39 In the “request for review” document that he filed, Mr Castle included a “Point summary” which does, as the heading suggests, summarise the contentions he makes. I reproduce here all of that “Point Summary”:
• James Christopher, Castle, is an Internationally Protected Person (IPP), is not subject to extradition from AUSTRALIA to the UNITED STATES; (Exhibit 14)
• James Christopher, Castle holds the status of an IPP with Level 3rd-5th full jacket international immunity; (Exhibits 1, 2, 6, 13)
• Long standing international policy, law and treaties categorically prohibit prosecution of diplomats and other IPP’s; (Exhibit 7)
• AUSTRALIA can expel a diplomat or other IPP, but cannot surrender him to another country for prosecution as clearly delineated in both AUSTARALIAN and International Law;
• The AUSTRALIAN courts are courts of limited (subject matter) jurisdiction.
o The first element that the prosecution must establish in this and every other case is the jurisdiction of the court to hear the matter,
o The prosecution has utterly failed in this regard because James Christopher, Castle is an IPP and this court has no jurisdiction to consider the extradition of an IPP;
• The burden is on the prosecution to establish every element of the extradition case, starting with the jurisdiction of the court over the matter.
o In this matter, the AUSTRALIAN ATTORNEY GENERAL’S (AAG) Office (ICCCA) representing the UNITED STATES has ready access to establish the existence (or lack) of James Christopher, Castle’s IPP status.
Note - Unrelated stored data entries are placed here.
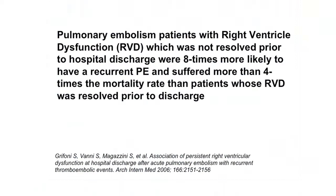First I'd like to go over some of the medical literature that supports this new form of therapy. Pulmonary embolism patients with right ventricle dysfunction which was not resolved prior to hospital discharge were eight times more likely to have a recurrent PE and suffered more than four times the mortality rate than patients whose right ventricular dysfunction was resolved prior to discharge.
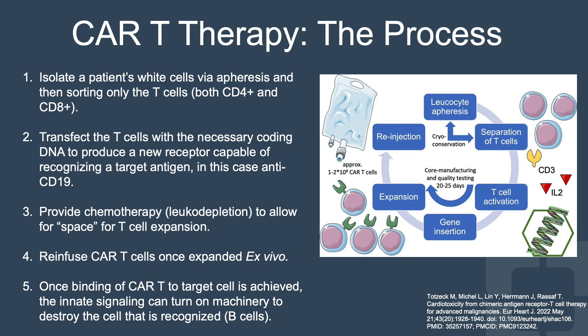CAR T therapy starts with isolating a patient's white cells via apheresis and then sorting only the T cells, both CD4-positive and CD8-positive. We then transfect these T cells with the necessary coding DNA to produce a new receptor capable of recognizing a target antigen — in this case, anti-CD19. We then provide chemotherapy or leukodepletion to allow space for T cell expansion, and re-infuse the CAR T cells once they've been expanded ex vivo, or outside the body.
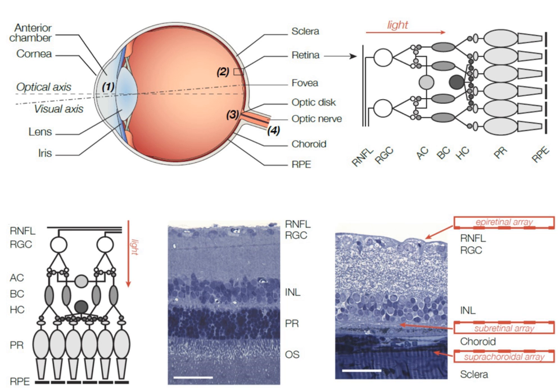Optobionics was the first company to develop a subretinal implant and evaluate the design in a clinical trial. Initial reports indicated that the implantation procedure was safe, and all subjects reported some perception of light and mild improvement in visual function. The current version of this device has been implanted in 10 patients, who have each reported improvements in the perception of visual details, including contrast, shape, and movement.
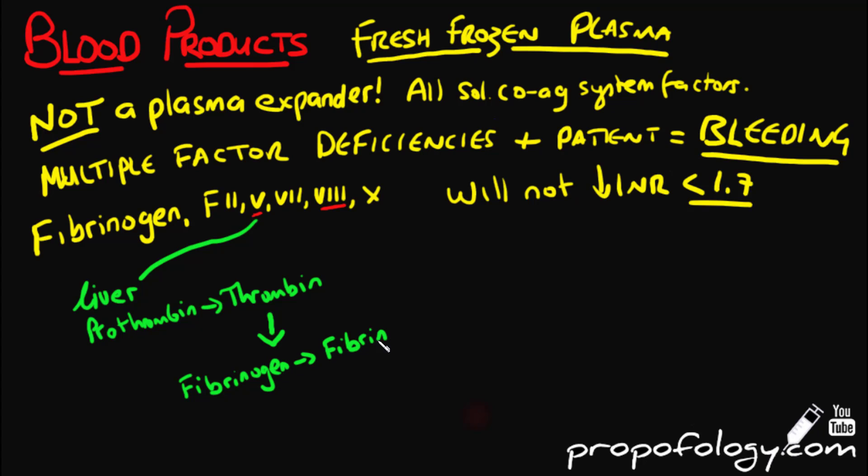Factor 5 is a protein made in the liver that helps convert prothrombin into thrombin; thrombin then converts fibrinogen into fibrin, which in turn forms a fibrin clot in response to injury. Coagulation factor 8 is activated and separates from von Willebrand's factor; the active protein factor 7a interacts with cofactor 9 to form a clot.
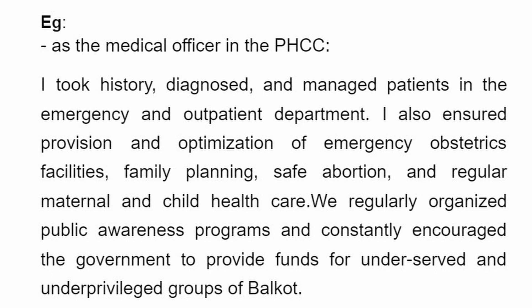I wanted to give an example. This is how I wrote my CV for my first application cycle — for work experience as a medical officer in PHCC (Primary Health Care Center). What I wrote was: 'I took a history, diagnosis, and managed patients in emergency and outpatient department. I also ensured the provision and optimization of emergency obstetrics, family planning, safe abortion, and maternal and child health care. We regularly organized public awareness programs and encouraged the government to provide funds for underserved groups in Balgut, where I worked.'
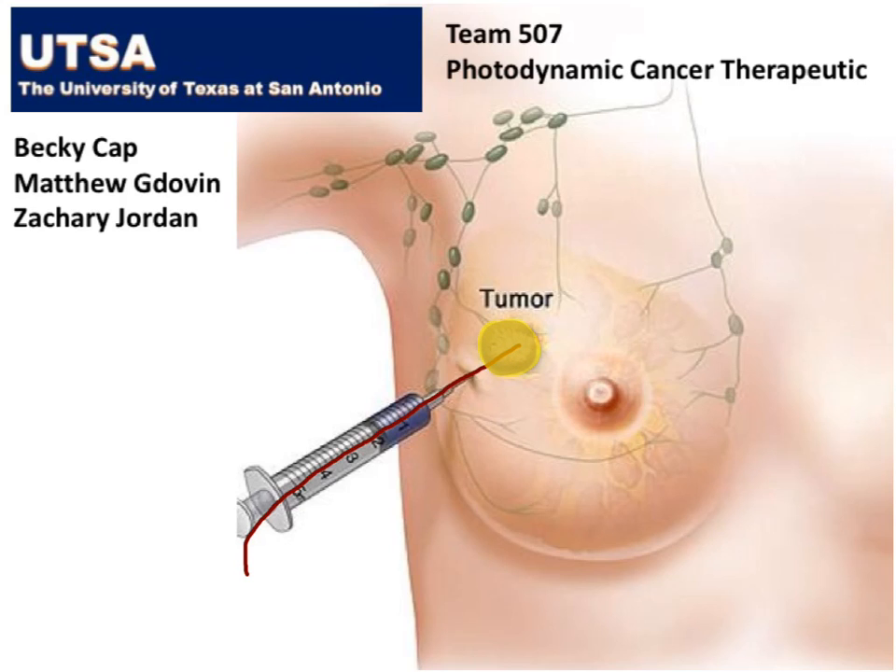When the light hits the compound, the drug kills the tumor. Our treatment has been proven effective in killing multiple types of cells, including aggressive breast cancer cells in animals.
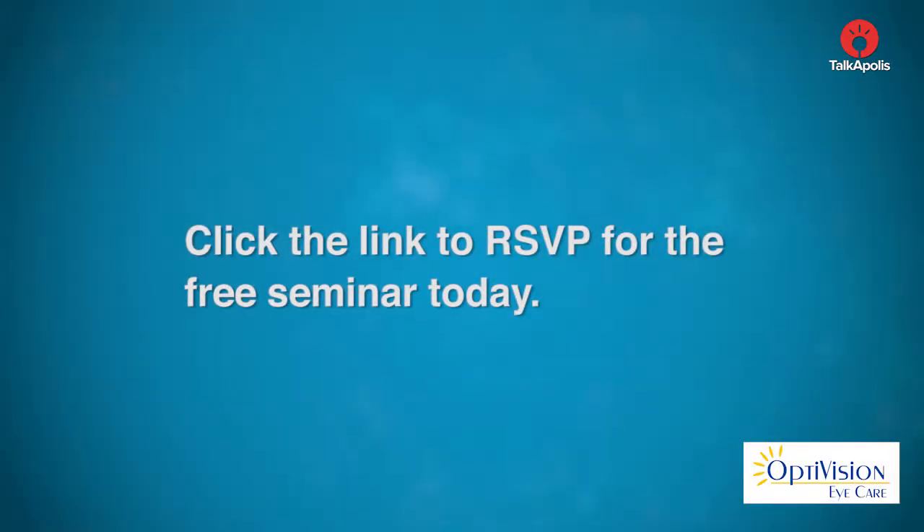They were the first eye surgeons in the state of Wisconsin to perform laser vision correction, and they continue to offer their patients the latest technological advancements and procedures available today. Click the link to RSVP for the free vision seminar today.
Two immediate avenues are:
• Through the AUSTRALIAN Prime Minister; or
• Through the USAG Office to the President.
However, the AAG Office has utterly failed its burden on this issue, and in fact has not ever attempted to implement the protocol to address this issue;
• Judge Riethmuller court could have made its own enquiry into its jurisdiction by implementing the required protocols to verify James Christopher, Castle’s IPP status, but he refused to do so (and refused to require the AAG Office to do so);
• The Court also effectively prevented James Christopher, Castle from obtaining his own verification of his IPP status in a timely manner ... by denying James Christopher, Castle bail and instead remanding him to a facility where he has no ready access to telephone, email, computer, electronic research; internet or other means of speedy communication;
• If the Court is to truly consider the evidence before it concerning James Christopher, Castle’s status, then any Order must provide that James Christopher Castle is not surrendered until and unless the verification protocol is followed and verification is not subsequently received. (see Exhibit 14);
• James Christopher, Castle respectfully requests that the Court deny the request for extradition based upon failure to establish jurisdiction. Alternatively, since the AAG and the US Federal Attorney (USFA) each have the ability to initiate a verification request according to the established International Treasury Controllers protocols, James Christopher, Castle requests that the Court enter an Order denying extradition and releasing James Christopher, Castle UNLESS, WITHIN TWO (2) WEEKS of the Order, the said AAG/USFA provide admissible evidence that the International Treasury Controller has declined to verify James Christopher, Castle’s employment following verified initiation of the appropriate verification protocols made by an appropriate Royal or qualified Head of State.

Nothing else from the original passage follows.